We now know that Taylor’s next step would be onto the ice with the Whale, and here is how that came about. She told us “ I had recently moved to White Plains, New York for a job at an investment banking firm. After finding an apartment, driving from Michigan, and getting settled, I realized that it would be possible to work and play for the CT Whale since their home ice was only 40 minutes away. Digit Murphy, who coached the team I was on in China, reached out to one of the players on the Whale that she coached at Brown. Then, I was put in contact with Coach Ryan Equale, and he told me to come out to their next practice. After two practices, he told me that I could play in the game against Boston as a try-out using a PTO. I learned that PTOs allow someone to be added to the roster for a game without signing a traditional contract to officially be on the team. I was a little nervous because other than the two practices with the Whale, I hadn’t been on the ice at all since the Clarkson Cup, and that was in March. I was clearly not in game shape, but it must have gone well enough because I am now officially on the team. I am enjoying getting back into the swing of things, and I am glad that I decided to continue playing. I am also extremely thankful for this opportunity Ryan, the Whale, and the NWHL has given me.”

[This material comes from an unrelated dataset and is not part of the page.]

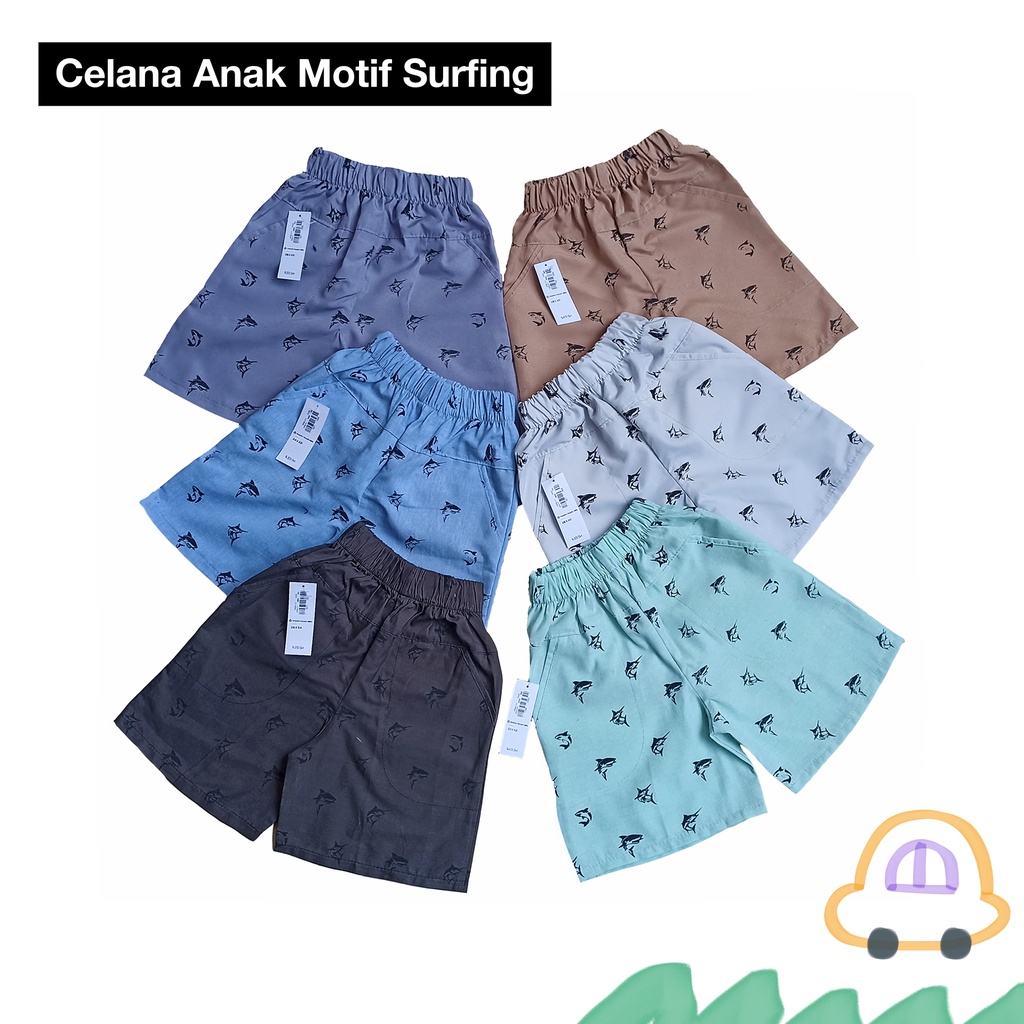 Celana Pendek Short Pants Anak Laki Laki Perempuan Pinggang Karet Adem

Finally, Cetacean Nation was aware of some the work Taylor had done with non- profit organizations. It would seem that type of background would be helpful in growing the game, in particular in interactions with our little Future Draft Picks. Taylor responded “ I absolutely love kids, so I think that really motivates me to get involved, whether it be for non-profit organizations or any other type of event. I remember what it was like to be in their shoes, looking up to the “big kids” or older players, and I now know how important it is to interact on their level or that the smallest things make the biggest impressions. I haven’t done any formal coaching at this point, but I have helped run a few camps at Yale and I had the opportunity of teaching kids how to skate while I was in China.” So there you have the Marchin Chronicles to date, although there are many more chapters to go. Happily the current Chapter is entitled Taylor Marchin, #4 of the Connecticut Whale. Fins Up to that, and for the Taylor’s thoughtful comments.